Logistic regression

We define a random variable, \(Y_i\), to have a binomial distribution if it is the number of successes from a number of independent trials, \(n\), each with the same probability of success, \(p\). It is a discrete distribution, which notes that the number of successes associated with the \(i^{th}\) observation must be an integer between \(0\) and \(n_i\). In addition, it builds in the non-constant variance of \(Y_i\) and \(\frac{Y_i}{n_i}\): \(\text{Var}(Y_i)=n_ip_i(1−p_i)\) and \(\text{Var}(\frac{Y_i}{n_i}) = \frac{p_i(1−p_i)}{n_i}\).

If we were to assume a linear relationship (as previously) that \(p_i = \alpha + \beta_1 x_i\) then we would be allowing \(p < 0\) and \(p>1\), which is not supported by the binomial distribution. So, we use a link function to map between \(p\) and the real number line:

\[\text{logit}(p_i) = \text{log}\left (\frac{p_i}{1 - p_i}\right ) = \alpha + \beta_1x_i.\] This leads to \[p_i = \frac{\exp(\alpha + \beta_1x_i)}{1 + \exp(\alpha + \beta_1x_i)}.\] and

\[Y_i \sim \text{Binomial}(n_i, p_i)\]

Interpreting coefficients

Recap, for probability \(p\) the odds are \(\frac{p}{1-p}\) and the log-odds are \(\text{log}\left (\frac{p}{1-p}\right )\):

when \(p=0.5\) the odds \(=1\) and the log-odds \(= 0\)
when \(p=1\) the odds \(\infty\) and the log-odds \(= \infty\)
when \(p=0\) the odds \(=0\) and the log-odds \(= -\infty\)

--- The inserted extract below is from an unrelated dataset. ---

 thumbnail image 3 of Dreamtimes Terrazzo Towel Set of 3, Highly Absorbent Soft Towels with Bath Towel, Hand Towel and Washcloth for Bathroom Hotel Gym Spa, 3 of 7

Recall, for a linear regression model \(\mu = \alpha + \beta_1x\), when \(x=0\) \(y = \alpha\) and for every one-unit increase in \(x\), \(y\) increases by amount \(\beta_1\).

For a logistic regression model we have \[\begin{array}{rl} \text{logit}(p) = \alpha + \beta_1 x \\ \text{log}\left (\frac{p}{1-p}\right ) = \alpha + \beta_1 x \\ \text{log}\left (\text{odds}\right ) = \alpha + \beta_1 x \\ \end{array}\]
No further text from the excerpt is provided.